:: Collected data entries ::
#####

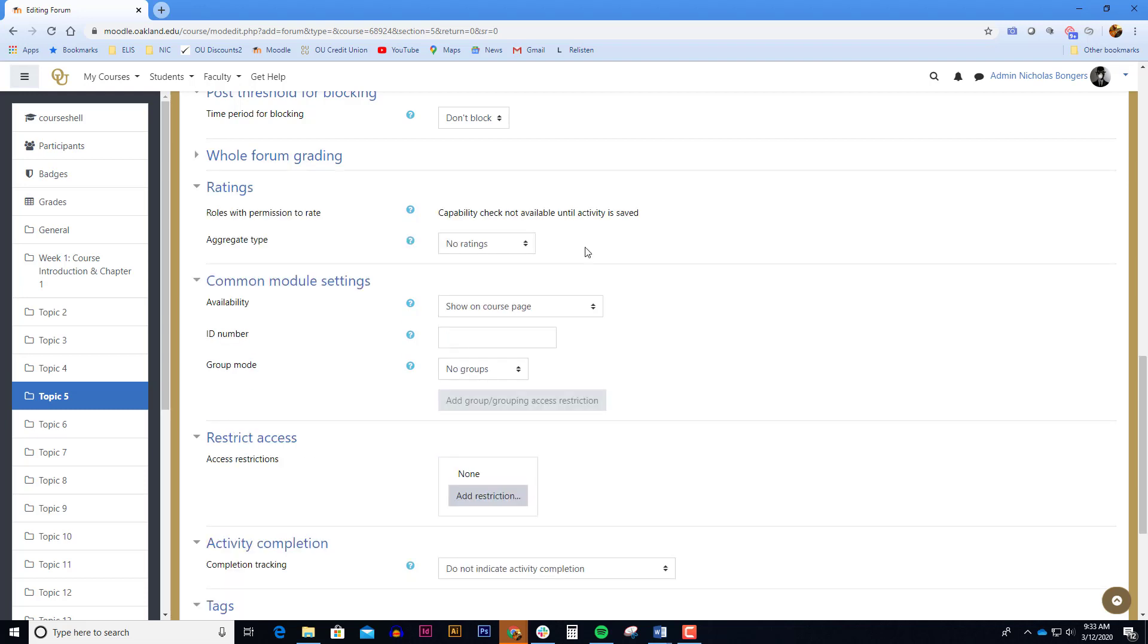Instead of whole forum grading, there's a second option. That second option is called ratings. When you turn ratings on, each student post will have a drop-down menu next to it with your point range. This allows you to rate each of their posts individually. This works really well if you want to read their posts right away, grade it right away, and quickly move on.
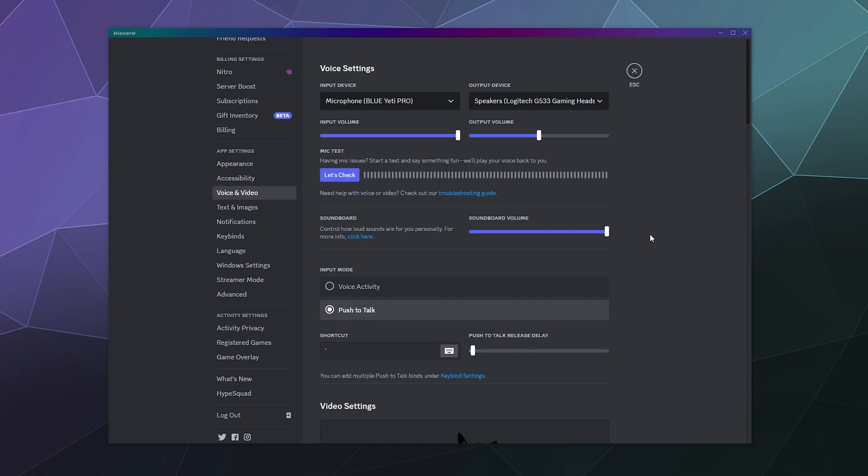So that's it for this one, ladies and gentlemen. This has been the basic voice settings for Discord push to talk voice activation. I hope you found that helpful. I've been your host, Larry. Don't forget to like and subscribe and I'll catch you next time. Bye everybody and have a good one.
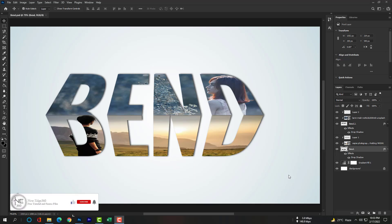First download these two images from the description. Hope you are fine. This is your host Akash.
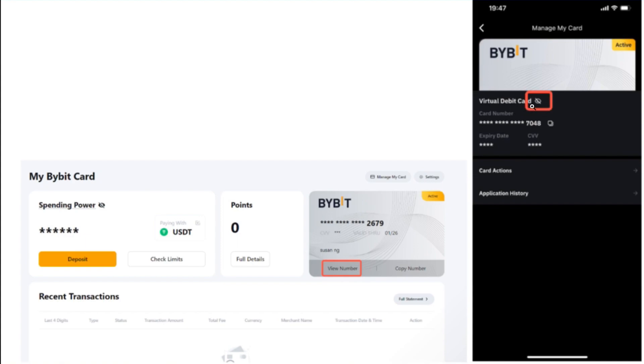Then you will be able to see your card number, its expiration date and CVV. You can use this card information on any of the merchants website that use Mastercard.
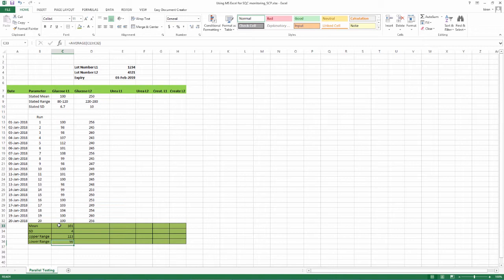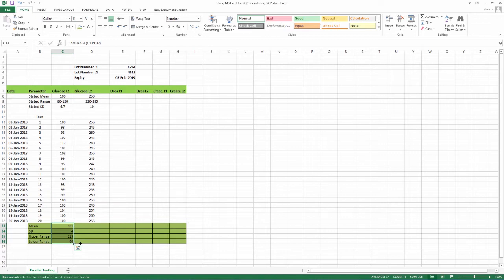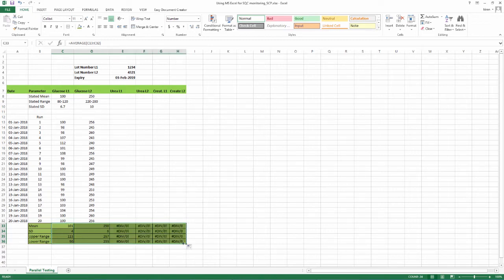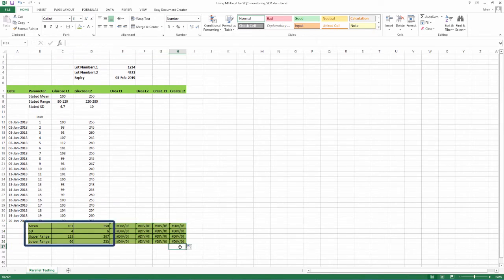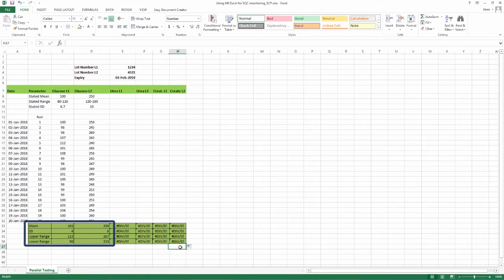You can now drag the formula to automatically calculate the mean, SD, upper and lower limits of all analytes by doing this. Select all the four rows where we have inserted the formula. Go to the bottom right where a plus sign appears. Keep the cursor pressed and drag this plus along the bottom of the last row to wherever you have fed your inputs. Your values for mean, SD, upper and lower limits of all analytes appear.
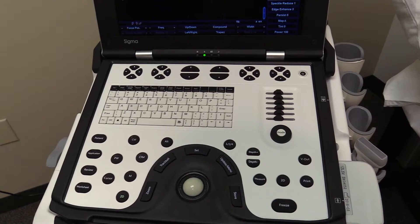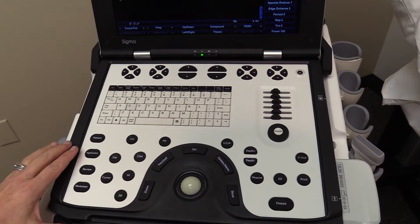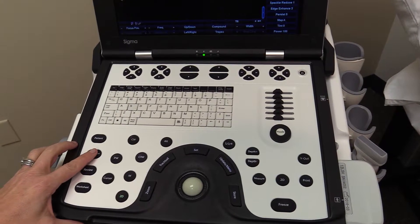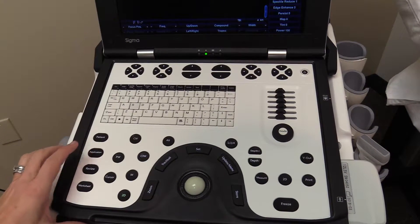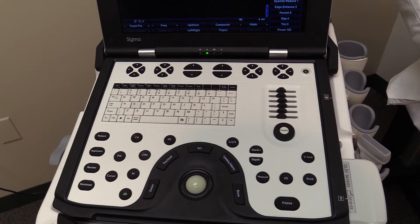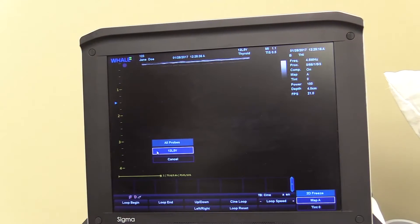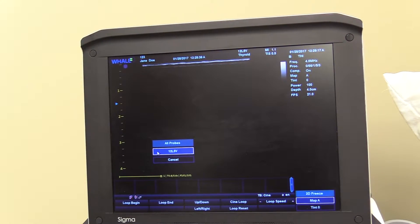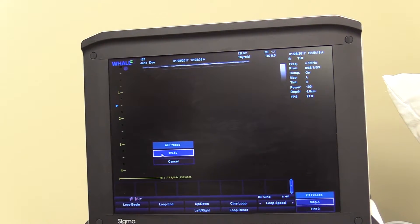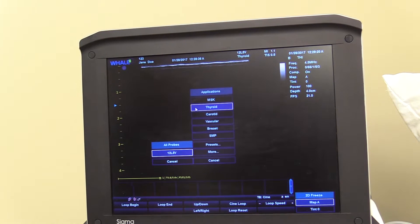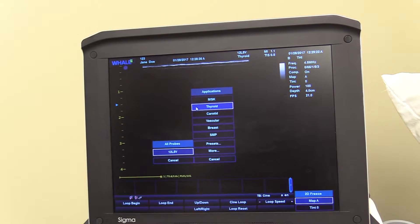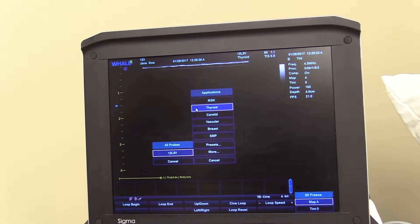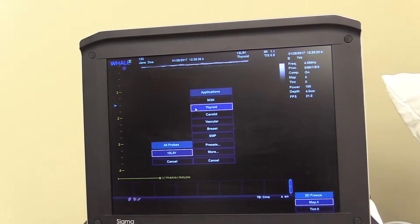Select the application and probe. Click the application button to display the probe and application window. This will allow you to choose a probe and application for the current exam by selecting the appropriate exam type.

#####

:: Exercise directions ::
The output is the lines from the start of the data above through the line containing "Then you will", unchanged, with any picture left out.

:: Result of this task ::
Instead of whole forum grading, there's a second option. That second option is called ratings. When you turn ratings on, each student post will have a drop-down menu next to it with your point range. This allows you to rate each of their posts individually. This works really well if you want to read their posts right away, grade it right away, and quickly move on.
So that's it for this one, ladies and gentlemen. This has been the basic voice settings for Discord push to talk voice activation. I hope you found that helpful. I've been your host, Larry. Don't forget to like and subscribe and I'll catch you next time. Bye everybody and have a good one.
First download these two images from the description. Hope you are fine. This is your host Akash.
Then you will be able to see your card number, its expiration date and CVV. You can use this card information on any of the merchants website that use Mastercard.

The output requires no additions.